The Scottish Bill
Following today’s publication, the UK Government will undertake an engagement programme across Scotland to ensure that people have the opportunity to contribute their views as work continues to prepare the draft legislation for introduction in Parliament. The following points are of particular interest to the sector:
Overview of employment support
- The Scottish Parliament will have all powers over support for unemployed people through the employment programmes currently contracted by DWP (which are presently delivered mainly, but not exclusively, through the Work Programme and Work Choice) on expiry of the current commercial arrangements. The Scottish Parliament will have the power to decide how it operates these core employment support services. Funding for these services will be transferred from the UK Parliament.
- Clause 22 of the draft bill makes provision to give the Scottish Parliament legislative competence to pass its own laws in relation to making employment schemes to assist those at risk of becoming long-term unemployed, and to help disabled people into work.
- The Scottish Parliament will have the competence to create powers which enable the design of new employment programmes – for example through work search support, provision of skills and training, and community placements, or through other new techniques. Any support provided by the Scottish Government for those at risk of long term unemployment must assist the claimant for at least one year in order to ensure a robust approach to tackling unemployment. The clause does not affect UK Ministers’ broader powers which enable them to ensure that appropriate support is available at every stage of the claimant journey, including core Jobcentre Plus functions which remain reserved.
- The Scottish Parliament may choose to create powers for similar functions to those which the UK Government delivers in this area, which currently attracts over 95% of funding for centrally contracted employment programmes. As stated in the Smith Commission Agreement, conditionality and sanctions will remain reserved, including the ability to make mandatory referrals to Scottish Government programmes. The Scottish Government may also choose to offer support to those who are eligible to take part in any scheme of their making.
- The Scottish Parliament will have the ability to legislate for the creation of schemes as defined in the draft clause. Separate Scottish schemes will therefore need to be coordinated with the UK-wide system of employment support (as currently delivered by Jobcentre Plus, which the Smith Commission Agreement recommended remain a reserved matter).

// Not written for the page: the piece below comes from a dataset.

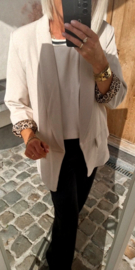 BASIC LEO blazer beige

- To ensure that Scottish and UK designed schemes both operate successfully as intended, and work together coherently in the best interest of claimants, it will be essential for both the UK and Scottish Governments to work closely together in the design, implementation and operation of their respective programmes, to ensure that claimants can transition smoothly from one system to the other. Such discussions will be facilitated through forums such as the Joint Ministerial Working Group on Welfare and at an operational level through established local partnerships.
Other welfare provisions
- The UK Government, in line with the recommendations made by the Calman Commission on Scottish devolution, has also reformed the Social Fund by abolishing some of the discretionary elements, Community Care Grants and crisis loans, and devolving the funding for them.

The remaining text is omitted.